Mike: I'm not sure if it helps but your symptoms match what happens when the motor is sent fast pulses. It may be revealing to experiment with the sketch to see what your motor does.

Dave

Mike Blankley23/10/2017 00:01:46
7 forum posts
9 photos
 

Hi Dave.

Firstly thank you for your time and enthusiasm. I am experimenting with various settings and think that I can get the motor running satisfactorily in step mode. It will not then work continuously, but that doesn't matter. I have micro stepping set at 1 and pulse width at 200 microseconds. The motor hums nicely as it turns.

I purchased the dividing head with the stepper motor and gearing already in place, and have been using it manually . A Division Master was a bit too pricey for me unfortunately, so yours and previous contributors articles have allowed me to use it with the stepper motor. I am really pleased.

I think it fair not to waste your time on this anymore, although as a general point I have seen stepper motors turning at thousands of RPM and mine turning at 10 RPM. When buying one, how do you know how fast it will turn?

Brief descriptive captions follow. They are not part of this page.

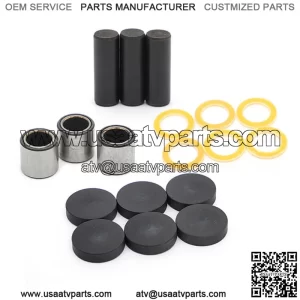 Primary Clutch Rebuild Kits for Polaris RZR 900 2015-2019 RZR 1000 2014-2018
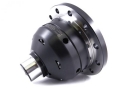 Samosvorný diferenciál Wavetrac Volvo C30 / V50 / C70 / S40 T5 FWD (04-) - 6-st. převodovka M66 | High performance parts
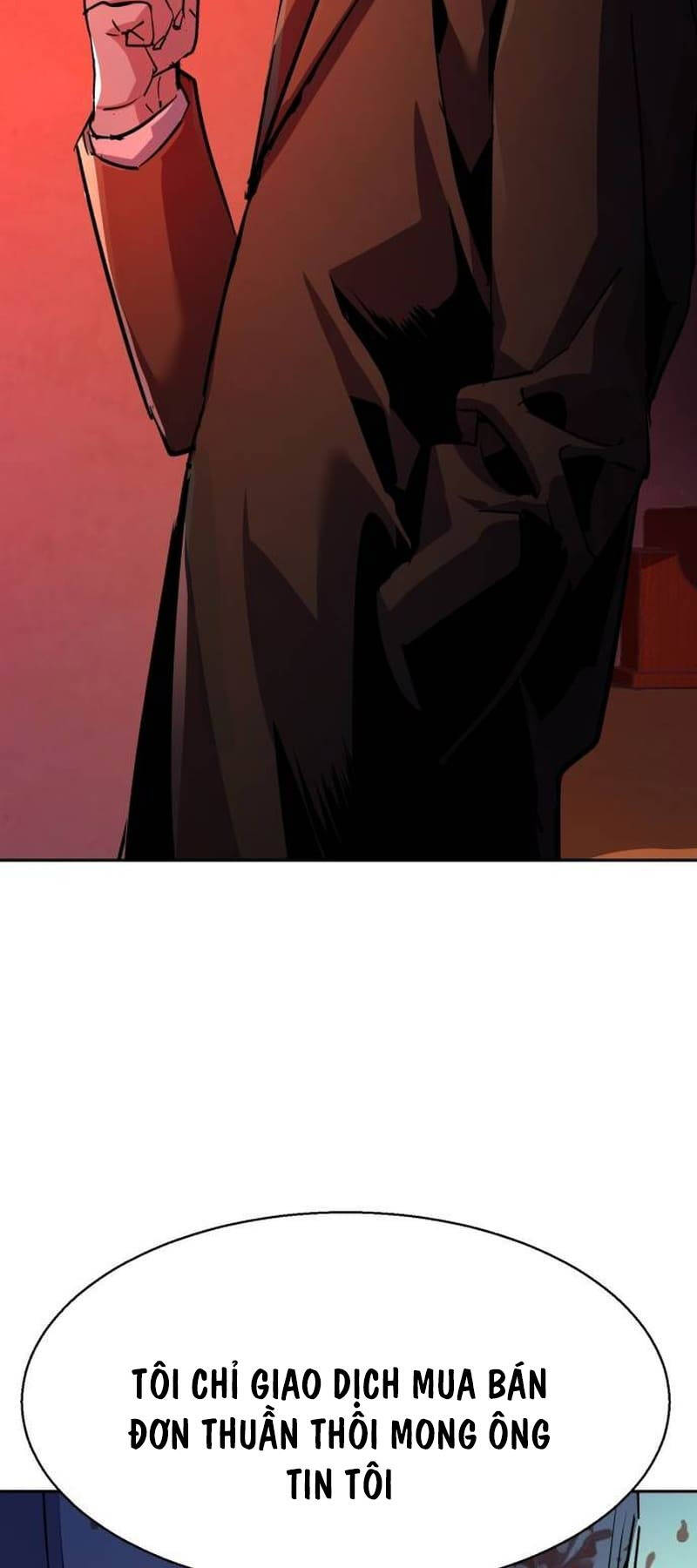 Bạn Học Của Tôi Là Lính Đánh Thuê - Chapter 187 - Page 46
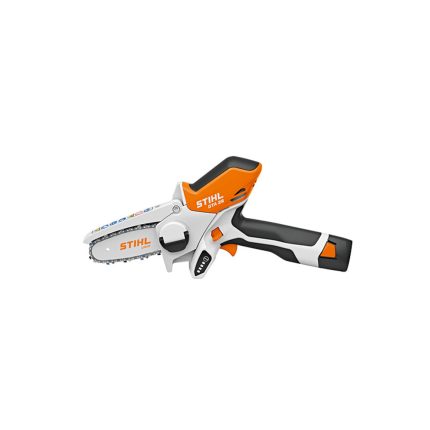 GTA 26, Mini-podadora de corrente STIHL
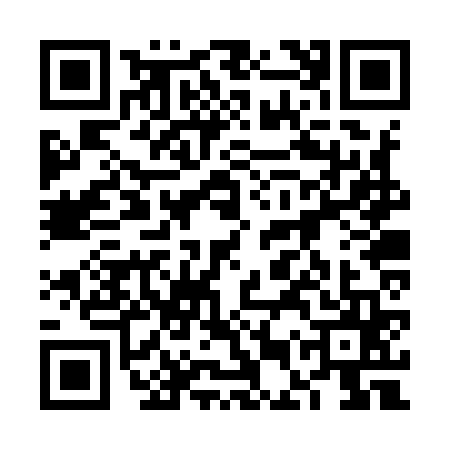 QR code for 6ERY654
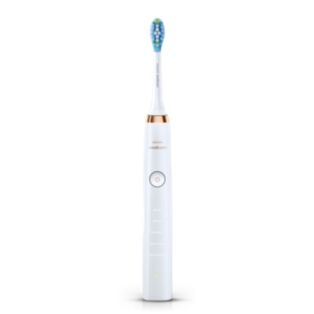 Sonicare DiamondClean Elektrische Schallzahnbürste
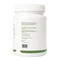CaroFit Colageno Articulaciones + Glucosamina, MSM y Broswellia 500gr portada 2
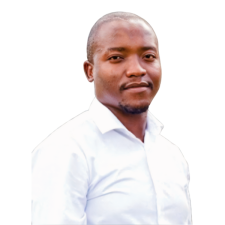 I am a creative, detail oriented and passionate Software Engineer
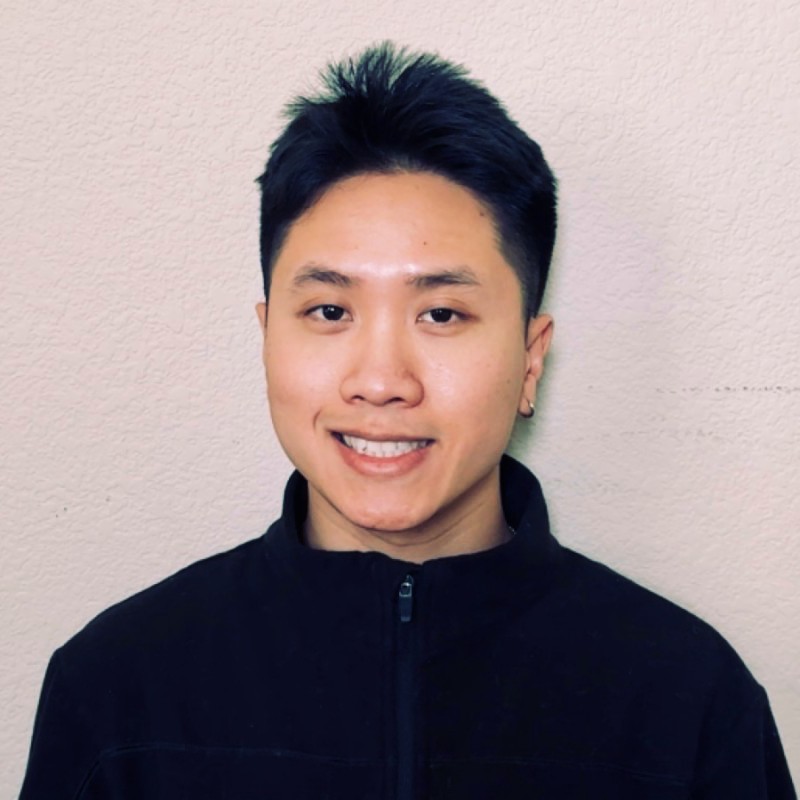Thanh Ngo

Following your example, I think I will purchase an Arduino training kit and try to understand it a bit better.

Thanks again, Mike.

John Haine23/10/2017 09:22:35
1559 forum posts
90 photos
Posted by Mike Blankley on 23/10/2017 00:01:46:
 

..... I have seen stepper motors turning at thousands of RPM and mine turning at 10 RPM. When buying one, how do you know how fast it will turn?

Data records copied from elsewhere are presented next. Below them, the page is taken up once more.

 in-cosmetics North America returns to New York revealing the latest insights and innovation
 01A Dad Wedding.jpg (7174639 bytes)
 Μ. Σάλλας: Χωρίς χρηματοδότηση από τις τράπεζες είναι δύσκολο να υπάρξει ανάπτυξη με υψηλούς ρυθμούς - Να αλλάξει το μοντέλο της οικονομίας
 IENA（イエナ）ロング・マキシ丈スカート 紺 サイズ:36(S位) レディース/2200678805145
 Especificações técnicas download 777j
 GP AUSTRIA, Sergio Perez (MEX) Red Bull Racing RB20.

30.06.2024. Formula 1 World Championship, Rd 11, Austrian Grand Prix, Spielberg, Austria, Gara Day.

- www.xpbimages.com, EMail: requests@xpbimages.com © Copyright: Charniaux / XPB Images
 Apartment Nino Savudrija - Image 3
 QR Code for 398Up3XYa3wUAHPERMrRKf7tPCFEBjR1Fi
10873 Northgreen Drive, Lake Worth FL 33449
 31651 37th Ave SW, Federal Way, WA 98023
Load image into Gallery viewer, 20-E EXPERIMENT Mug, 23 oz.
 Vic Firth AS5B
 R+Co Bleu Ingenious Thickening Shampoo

I think that's very much down to the driver and the way the motor is managed. Years ago in the early days of steppers when I was a PG at Leeds, Paul Acarnley and others was developing motors and drives and had motors running up from a dead standstill to hundreds if not thousands of RPM, with accompanying shrieks from the motor and driver, then slowing down to a dead stop after several minutes at exactly the same position. But you have to manage the acceleration and deceleration and various resonances in the motor very carefully to get the best performance, so I don't think it's simply a matter of buying the right motor. He has written a classic work on the subject but it's a bit pricey.

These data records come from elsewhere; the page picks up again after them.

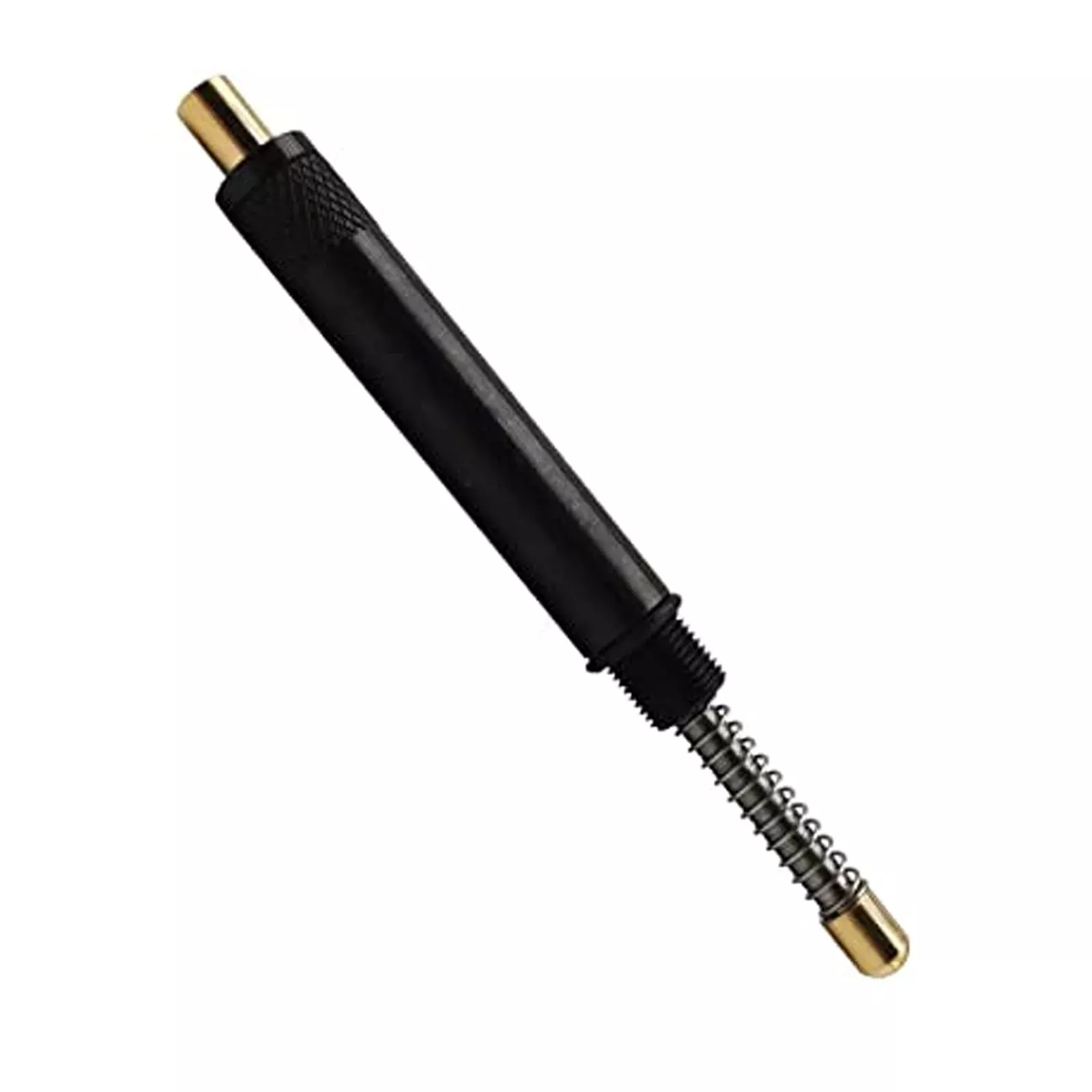 Zeiboat 7880 Thread Top Dead Center Indicator Switch, 6″ Long, Model Black001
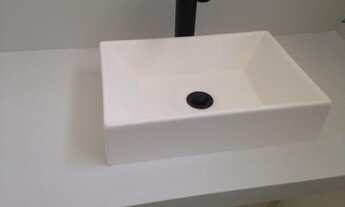 Imagem 7: Apto para venda possui 136 metros quadrados com 2 quartos em Perdizes - São Paulo - SP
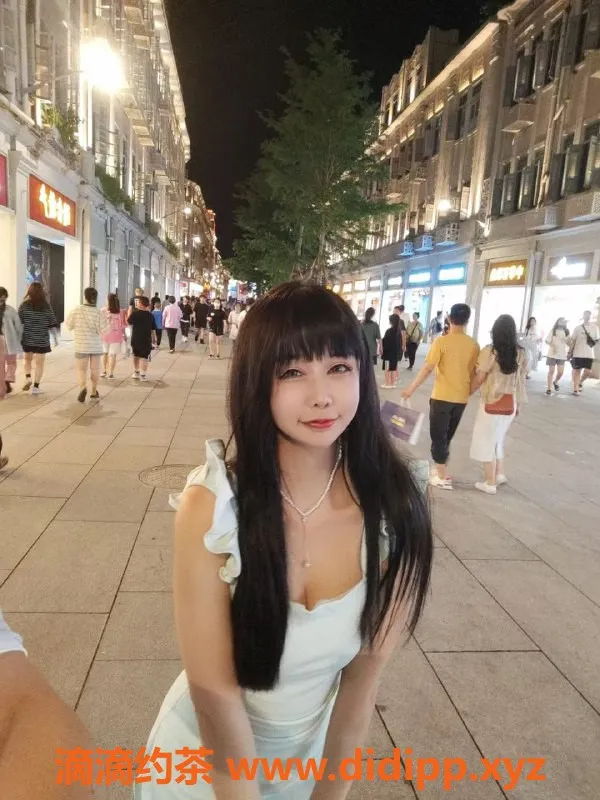 厦门楼凤-集美区李安琳，海景房体验超赞！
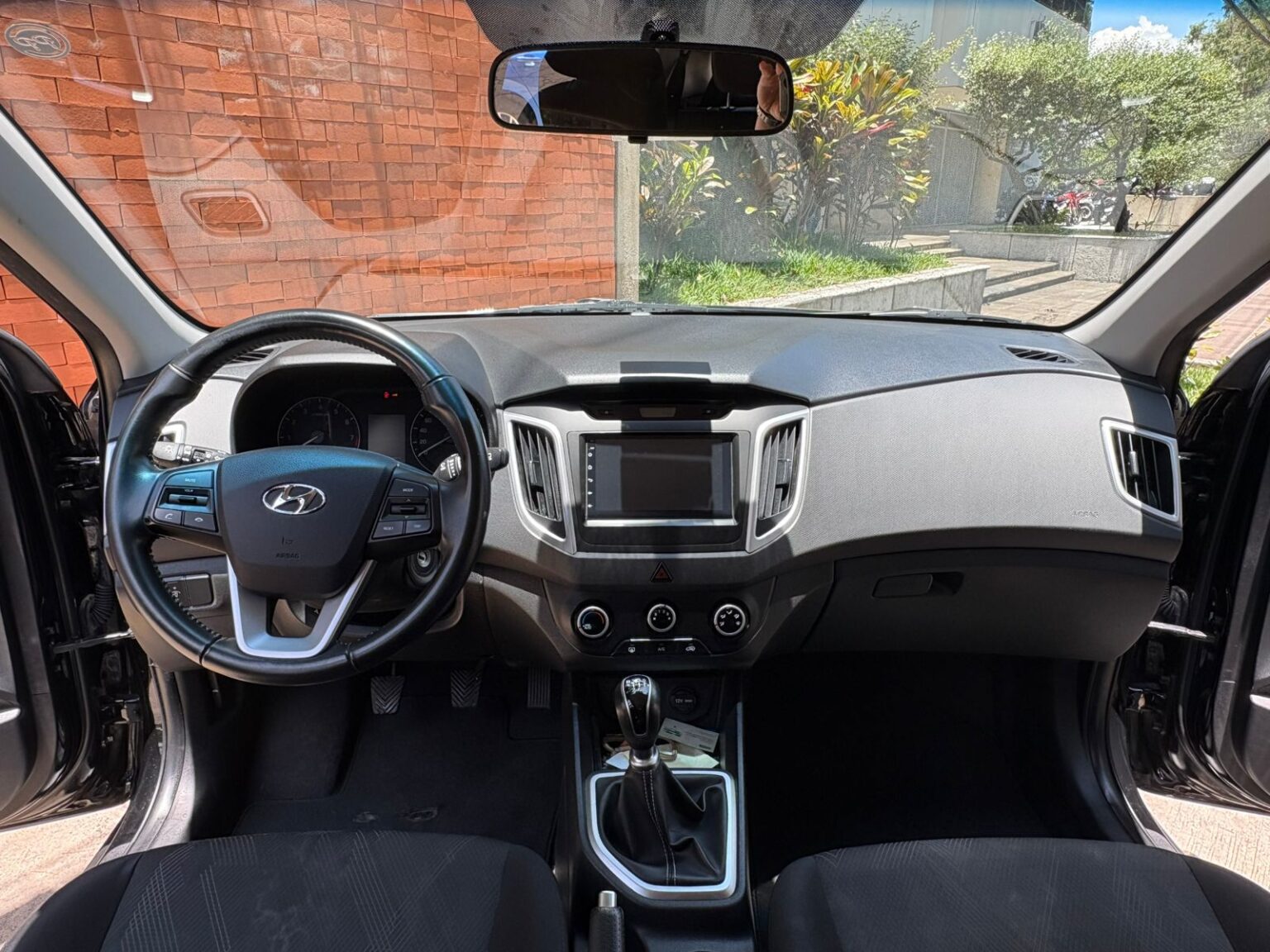 Hyundai-Creta-MT-2019-748HMP (12)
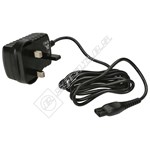 Philips Shaver Power Charger Cable - 15V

SillyOldDuffer23/10/2017 10:16:08
2172 forum posts
468 photos

Hi Mike,

No trouble - before your post I already had 'further investigation of stepper motors' on my ever growing 'to-do' list.

Like you I was initially disappointed by the speed of my motor. Without thinking or checking I expected a few thousand rpm. It's not that simple, there's a bunch of trade-offs. Actually, it's other features of the stepper that are more useful in this application: it's ability to move to and hold a particular position rather than turn at speed.

I've found the stepper / rotary table combination most useful cutting gears. Being a slack Alice, I waste time and material by losing count and other silly errors whilst cranking the table by hand. The stepper motor may be slow, but it doesn't make mistakes.

It would be nice to have both speed and position out of a stepper motor and I haven't given up on the idea. If only I could afford the book mentioned by John Haine. £112 is a bit steep even as a xmas present. Might try the library.

I recommend getting an Arduino training kit. They have lots of simple examples and help you avoid the common learner mistake of plunging straight into something complicated. (Like a rank beginner starting by trying to cut a non-standard screw-thread with his brand-new lathe! Don't ask how I know...)

Dave

John Haine23/10/2017 10:42:25
1559 forum posts
90 photos
Posted by SillyOldDuffer on 20/10/2017 17:35:13:

The problem here is whether your motor can keep up with very short pulses.

Actually the pulses trigger circuits in the driver IC, and are not applied direct to the motor. If you know which IC is used in your driver you can check the minimum pulse width, but I suspect it is only a few microseconds.